The body count rises as the series nears its natural end

The Grim Reaper

People who try to help Richard Kimble have a way of ending up . . . dead. Sometimes they are already dying, and this motivates them to do a good deed or two before it's too late. On other occasions, they may start out relatively healthy, but their death is precipitated (though not always directly) by the efforts they undertake on Kimble's behalf. Finally, there are a few cases where the death just seems to be a coincidence or an accident of Fate. Whatever the reason, one thing is certain: guest stars on the show have a high morbidity rate. There are in fact no less than five episodes with the words ``die'', ``dead'', or ``death'' in the title.

Dying man Telly Savalas fits into the first category in
MAY GOD HAVE MERCY; he knows he's got some incurable disease or other, and he wants to make up for his sins by doing Kimble, who he knows from Stafford, a favor. He decides to confess to the murder of Kimble's wife, even though he has two arms and hence would not qualify as the prime suspect. He comes up with a very plausible story, giving himself the means, motive and opportunity to commit the crime, but Gerard secretly listens in on Telly's conversations with his wife, in clear violation of the U.S. Constitution, and learns that it's all a ploy.

In the other category, there is the unlucky man of the cloth from
STROKE OF GENIUS. The favor that he does for Kimble is pretty small potatoes; he merely offers him a ride to the next town when he sees Kimble trudging along a country road. Nonetheless, it is only a matter of moments before this Good Samaritan has been dispatched to the hereafter by a stray bullet from the rifle of wayward youth Beau Bridges.

An in-between case is old lawman Arthur O'Connell in
TUG OF WAR. O'Connell knows his heart isn't what it used to be, but his prognosis is not exactly terminal. Still, when he sets out with a younger rival cop to snare Kimble, his health starts to decline from all the stress and melodrama involved; it doesn't help matters either that his rival tampers with his supply of nitroglycerin pills. When finally he is at death's door, O'Connell becomes convinced of Kimble's innocence and very elegantly furnishes him with a means of escape.

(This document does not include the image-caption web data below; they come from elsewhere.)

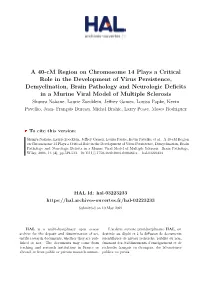 A 40-Cm Region on Chromosome 14 Plays a Critical Role in the Development of Virus Persistence, Demyelination, Brain Pathology An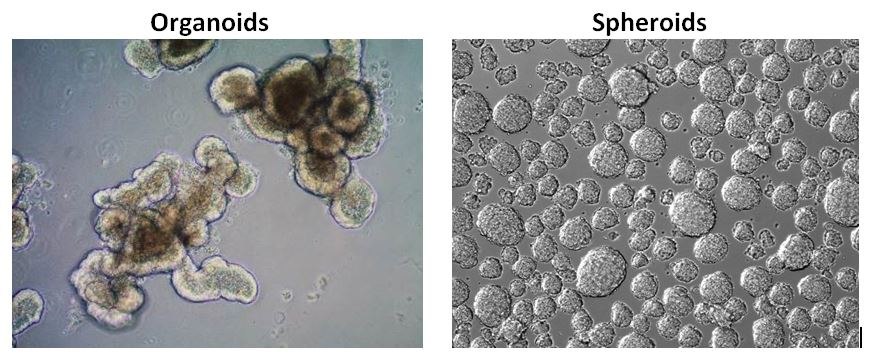 Organoids vs. Spheroids. Stem cell derived organoids have more in vivo-like phenotypes with higher order tissue complexity compared to tumor spheroids. Organoids vs. Spheroids
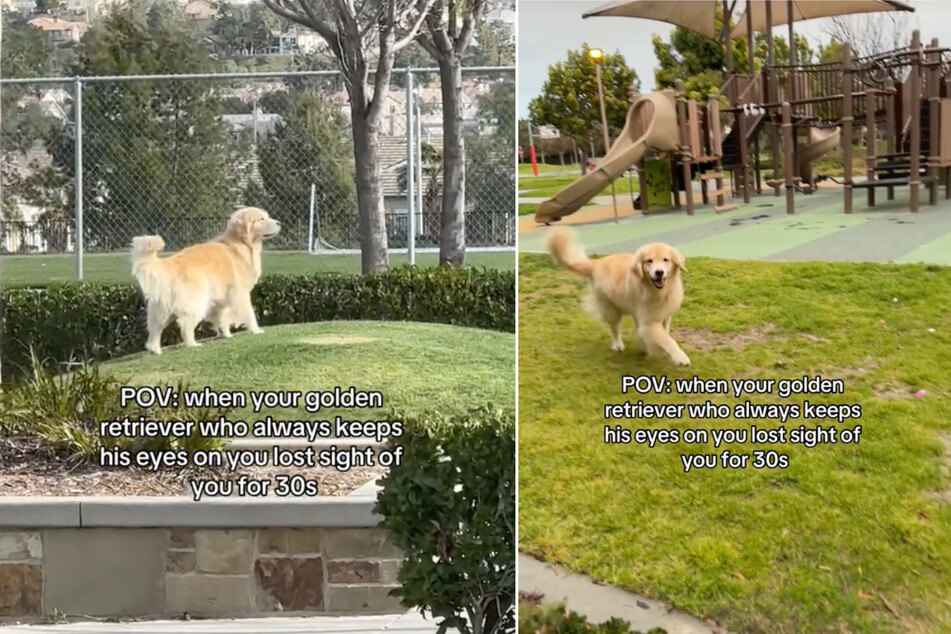 A heartwarming video of a Golden Retriever dog greeting his owner after a tragic (and short) time apart has gone viral, and TikTokers are obsessed with the loving little pooch!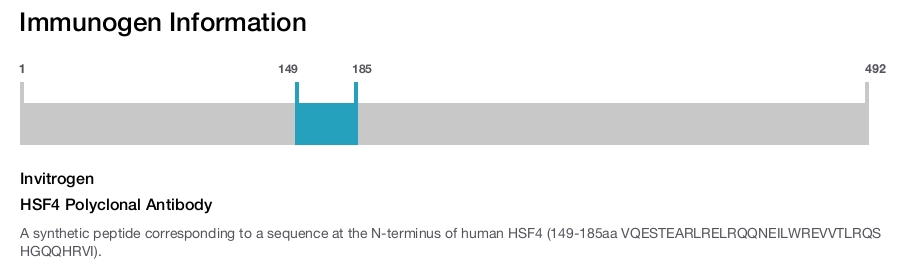 HSF4 Polyclonal Antibody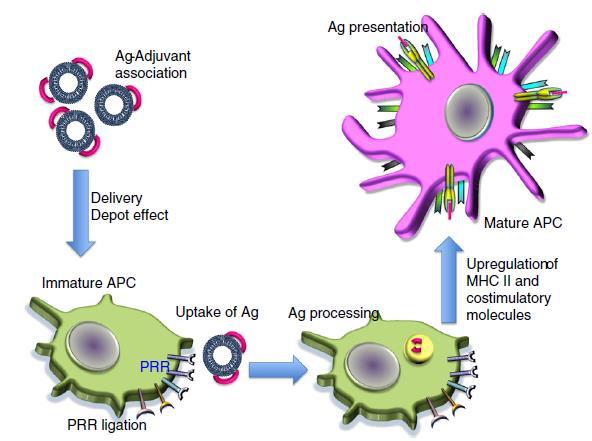 Liposomal adjuvants may function through the formation of an antigen (Ag)-adjuvant depot that promotes antigen delivery, uptake by immature antigen presenting cells (APC) and cellular stimulation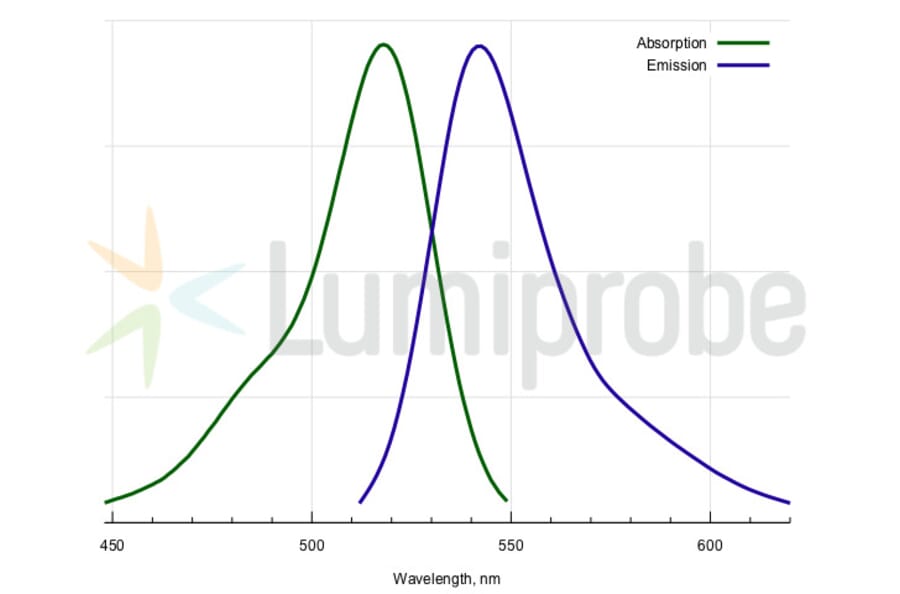 Fluorescence Spectra - R6G phosphoramidite, 6-isomer (A270259) - Antibodies.com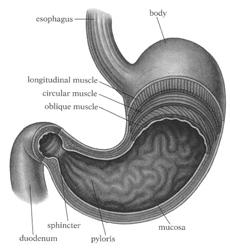 Stomach Extra muscle Preliminary digestion of protein Some absorption of small molecules Gastric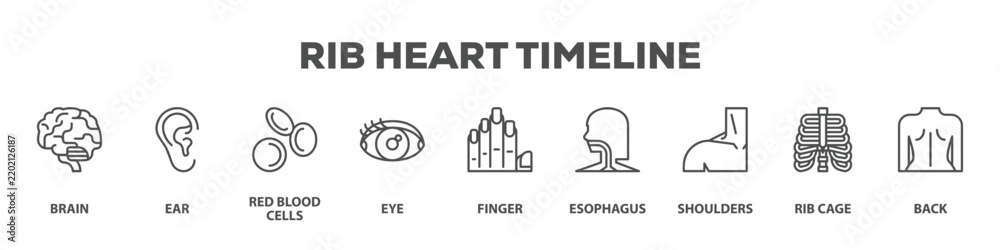 Rib Heart Timeline with icon of Brain, Ear, Red blood cells, Eye ...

Towards the end of Kimble's odyssey, he is confronted with an epidemic of dying guest stars. In quick succession, he is aided by a dying ambassador in
DOSSIER ON A DIPLOMAT, teams up with doomed hermit Laurence Naismith in THE SHATTERED SILENCE, works for terminally ill contractor Jack Warden in CONCRETE EVIDENCE, and is shielded from the police by Arthur Hill, a fellow doctor with a fatal disease, in DEATH OF A VERY SMALL KILLER. Even the saintly Eileen Heckart, whose faith in God was restored in the first season in ANGELS TRAVEL ON LONELY ROADS, ends up meeting her maker when she reprises the role of a kindly nun in THE BREAKING OF THE HABIT. Audiences so enjoyed Heckart's Fugitive appearances that ABC created a spin-off for her character, entitled The Dying Nun, in the fall of 1967. However, the show was short-lived, probably because of its poorly chosen time slot (it aired opposite The Flying Nun).